*What you are asked to do*: Transcribe the data exactly, pictures excluded.

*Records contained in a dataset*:
◇ ◇ ◇ ◇ ◇ ◇ ◇

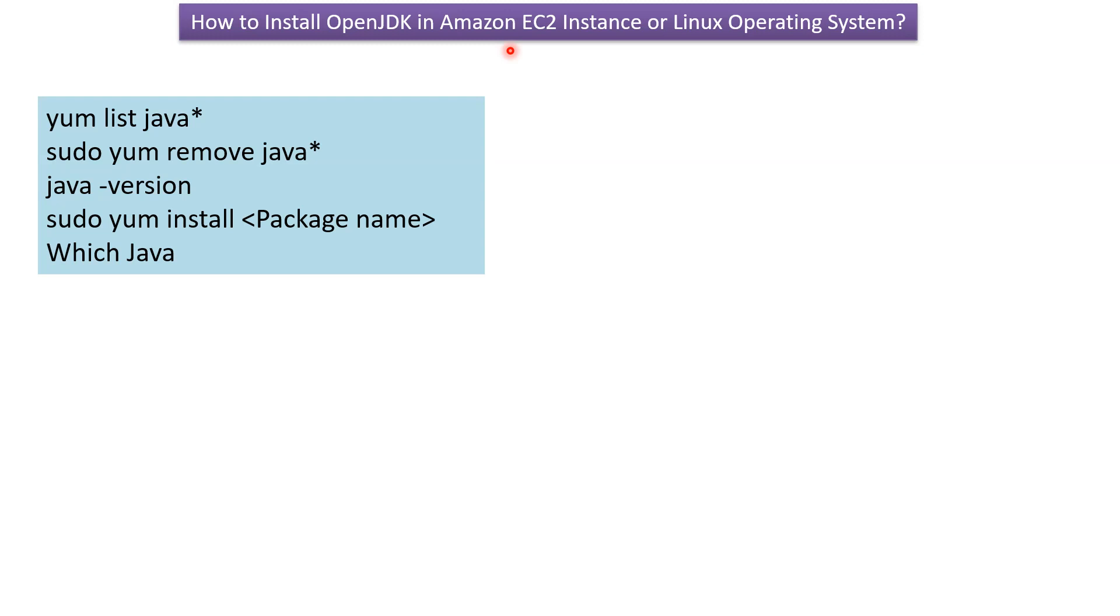In this video tutorial, I will explain how to install OpenJDK in Amazon EC2 instance or Linux operating system.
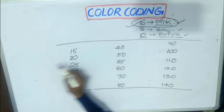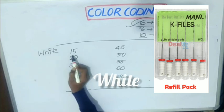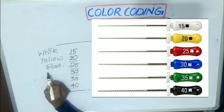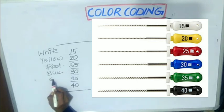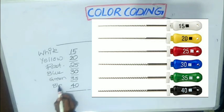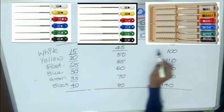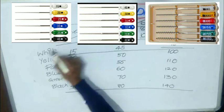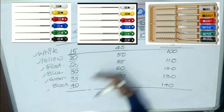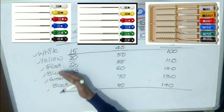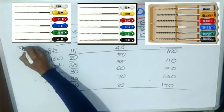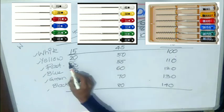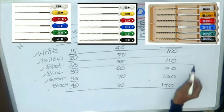If you observe the color coding of 15, 45, and 90, these are all white in color. That means, from 15 to 40, you have a color coding of white, yellow, red, blue, green, and black. From 45, again the sequence repeats from white, yellow, red, blue, green, and black. So you need to remember only from 15 to 40, that is white to black. Numbers 20, 50, and 100 have the same color of yellow, whereas 25, 55, and 110 have the same color of red.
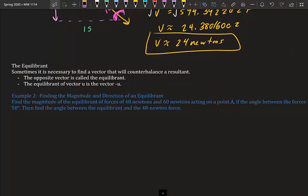The equilibriant: sometimes it's necessary to find a vector that will counterbalance a resultant. The opposite vector is called the equilibriant. The equilibriant of vector U is negative U — it's like tug-of-war where both sides pull with equal force, so one pulls left and one pulls right at the same magnitude and nothing moves.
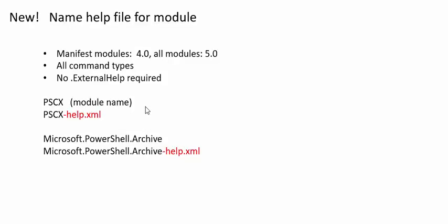This works for all module types, for all command types, and no external help comment keyword is required. But the catch is that even though it's backward compatible, the code was not backported.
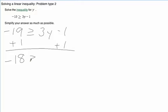And it's still greater than or equal to. Over here, we're just left with 3y because the negative 1 and positive 1 cancel each other out.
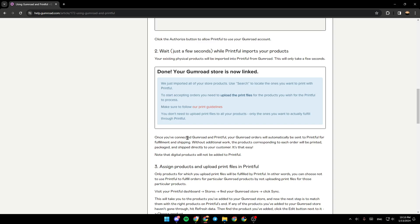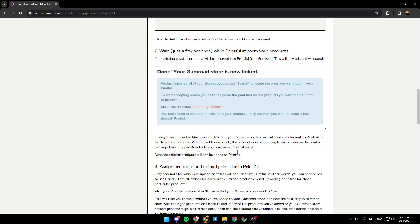Once you've connected Gumroad and Printful, your Gumroad orders will automatically be sent to Printful for fulfillment and shipping. Without additional work, the products corresponding to each order will be printed, packaged, and shipped directly to your customers. It's that easy.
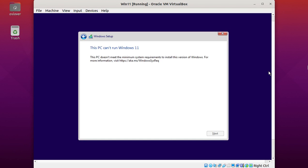In this video I will show how to fix this issue: 'This PC does not meet the minimum system requirements to install this version of Windows' on VirtualBox.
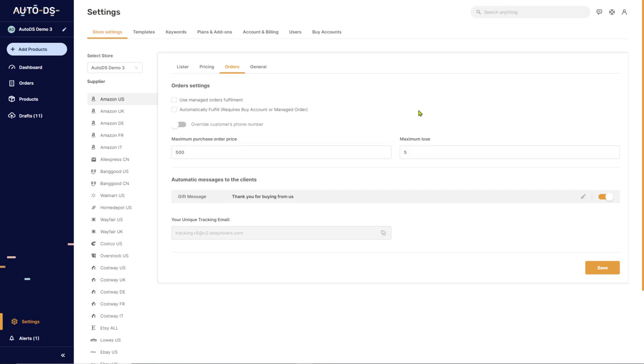The AutoDS platform can completely automate your ordering process. By enabling automatic orders, the system will order the products from your suppliers directly to your customers and update tracking information.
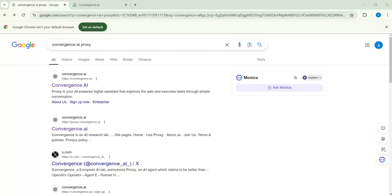Hi again, and in today's video we will explore a new and different AI — Convergence AI proxy. You can now have an agent who works with you, so you don't need a person to assist you. It is a digital assistant that can explore the web and execute tasks through simple conversation. You don't need to copy information from a website and paste it into an AI — Convergence will go to the website, explore it, get the information, and come back to you.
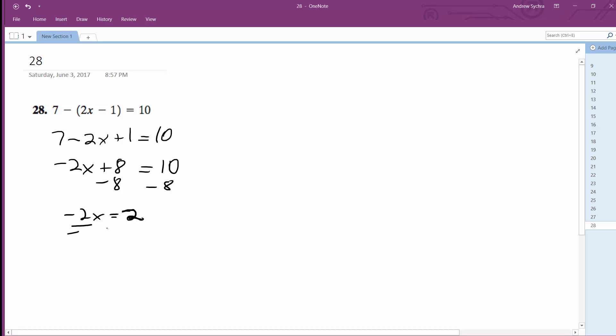I get x is equal to negative 1. We can check this really quick: 7 minus 2 times negative 1 minus 1 is equal to 10.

◇ ◇ ◇ ◇ ◇ ◇ ◇

*Problem solution*:
In this video tutorial, I will explain how to install OpenJDK in Amazon EC2 instance or Linux operating system.
If you observe the color coding of 15, 45, and 90, these are all white in color. That means, from 15 to 40, you have a color coding of white, yellow, red, blue, green, and black. From 45, again the sequence repeats from white, yellow, red, blue, green, and black. So you need to remember only from 15 to 40, that is white to black. Numbers 20, 50, and 100 have the same color of yellow, whereas 25, 55, and 110 have the same color of red.
The equilibriant: sometimes it's necessary to find a vector that will counterbalance a resultant. The opposite vector is called the equilibriant. The equilibriant of vector U is negative U — it's like tug-of-war where both sides pull with equal force, so one pulls left and one pulls right at the same magnitude and nothing moves.
This works for all module types, for all command types, and no external help comment keyword is required. But the catch is that even though it's backward compatible, the code was not backported.
And it's still greater than or equal to. Over here, we're just left with 3y because the negative 1 and positive 1 cancel each other out.
Once you've connected Gumroad and Printful, your Gumroad orders will automatically be sent to Printful for fulfillment and shipping. Without additional work, the products corresponding to each order will be printed, packaged, and shipped directly to your customers. It's that easy.
In this video I will show how to fix this issue: 'This PC does not meet the minimum system requirements to install this version of Windows' on VirtualBox.
The AutoDS platform can completely automate your ordering process. By enabling automatic orders, the system will order the products from your suppliers directly to your customers and update tracking information.
Hi again, and in today's video we will explore a new and different AI — Convergence AI proxy. You can now have an agent who works with you, so you don't need a person to assist you. It is a digital assistant that can explore the web and execute tasks through simple conversation. You don't need to copy information from a website and paste it into an AI — Convergence will go to the website, explore it, get the information, and come back to you.
I get x is equal to negative 1. We can check this really quick: 7 minus 2 times negative 1 minus 1 is equal to 10.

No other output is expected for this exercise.